The real Trent Lott. There's a school of thought -- a blessedly small one, to be sure -- that poor Trent Lott was forced to resign just as he was finally starting to get it.
According to this thinking, the real reason that Senate Republicans finally rose up and overthrew him was not that they were offended by his decades-long record of racist statements and actions, but that they feared he was morphing into a pro-affirmative-action moderate. That might what Globe columnist Tom Oliphant was trying to say this morning, although I'm reserving judgment until I see the English translation.
With such woolly-headedness on the loose, it's great to see the post-resignation Lott cutting loose and putting all doubts to rest. According to this dispatch from the Associated Press, Lott drops the pretense of being sorry and makes it clear that he thinks his only mistake was to fall into a "trap" set by his political enemies.

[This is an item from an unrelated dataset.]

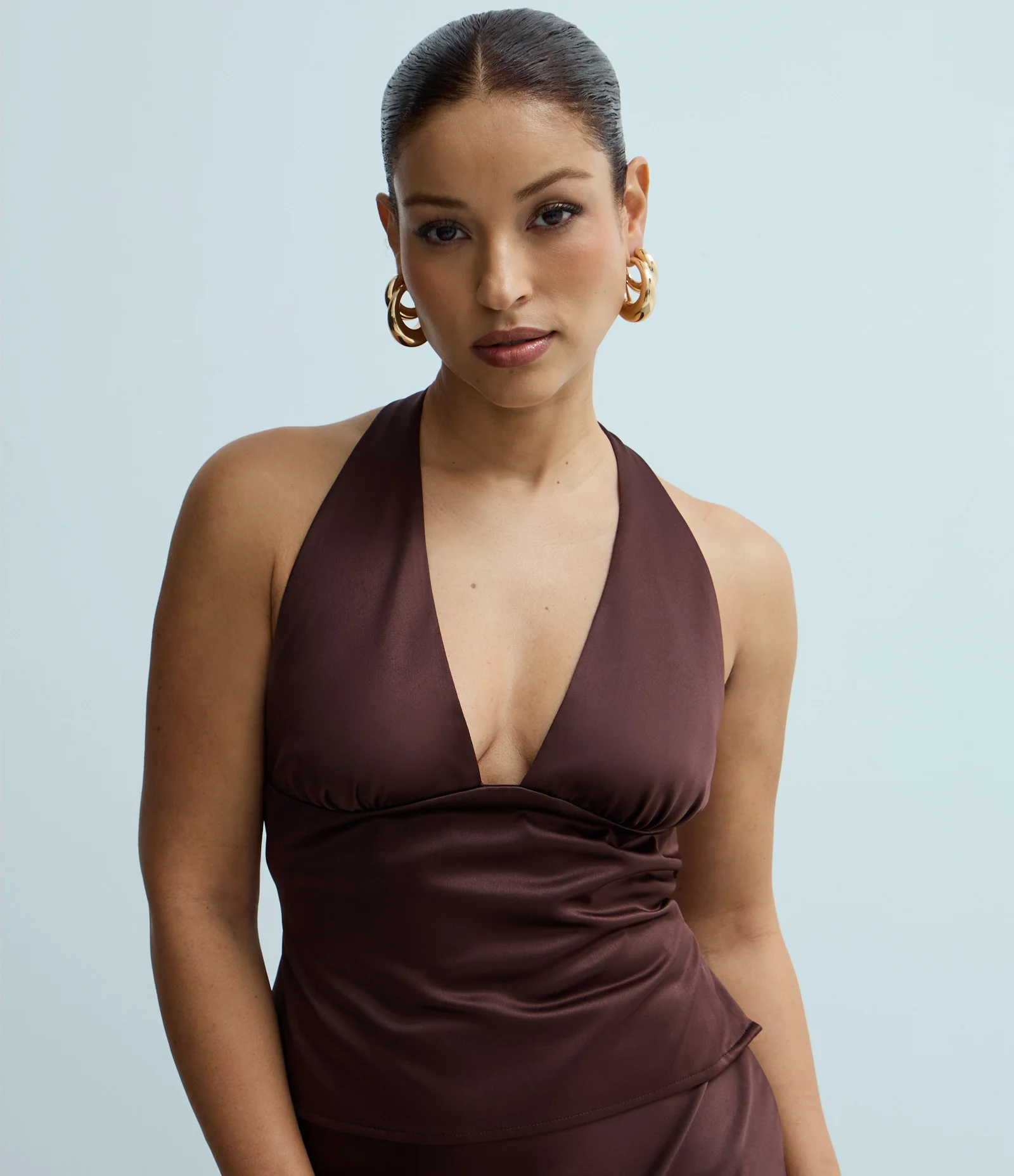 Blusa em Cetim Frente Única com Amarração nas Costas Marrom 2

Lott acknowleges having made an "inappropriate remark," thus slithering away from his two endorsements of Strom Thurmond's segregationist presidential campaign -- spoken 22 years apart -- as well as his association with the white-supremacist Council of Conservative Citizens, his opposition to the Martin Luther King holiday, and the like. Incredibly, he adds:
There are some people in Washington who have been trying to nail me for a long time. When you're from Mississippi and you're a conservative and you're a Christian, there are a lot of people that don't like that. I fell into their trap and so I have only myself to blame.
So now you have the Gospel according to Trent. It's not that he's a racist, or that he made racist remarks, or that he has sought friendship and support from racists for his entire sorry career. It's that he's ... a Christian. God help us.